**Your instructions:** Gather all lines with "Watch" from the records.

**Data excerpts:**

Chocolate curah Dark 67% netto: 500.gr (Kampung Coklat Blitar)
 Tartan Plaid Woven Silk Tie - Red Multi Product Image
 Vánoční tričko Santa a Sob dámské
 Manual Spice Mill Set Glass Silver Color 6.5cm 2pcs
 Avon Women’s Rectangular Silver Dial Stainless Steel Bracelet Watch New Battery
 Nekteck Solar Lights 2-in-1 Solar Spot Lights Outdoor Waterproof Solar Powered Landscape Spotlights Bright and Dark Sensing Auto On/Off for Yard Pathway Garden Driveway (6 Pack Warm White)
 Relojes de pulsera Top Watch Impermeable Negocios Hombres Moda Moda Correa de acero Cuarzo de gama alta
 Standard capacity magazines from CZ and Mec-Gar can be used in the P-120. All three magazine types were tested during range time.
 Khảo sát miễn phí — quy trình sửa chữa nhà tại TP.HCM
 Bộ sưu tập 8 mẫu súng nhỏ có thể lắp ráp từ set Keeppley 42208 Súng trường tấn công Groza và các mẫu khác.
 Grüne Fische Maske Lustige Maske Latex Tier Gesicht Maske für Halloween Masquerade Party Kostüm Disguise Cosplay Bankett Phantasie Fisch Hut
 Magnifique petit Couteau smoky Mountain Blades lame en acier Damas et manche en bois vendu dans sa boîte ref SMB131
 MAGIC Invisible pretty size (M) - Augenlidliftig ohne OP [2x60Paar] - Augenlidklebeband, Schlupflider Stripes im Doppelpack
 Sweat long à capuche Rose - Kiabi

**Response to the exercise:**
 Avon Women’s Rectangular Silver Dial Stainless Steel Bracelet Watch New Battery
 Relojes de pulsera Top Watch Impermeable Negocios Hombres Moda Moda Correa de acero Cuarzo de gama alta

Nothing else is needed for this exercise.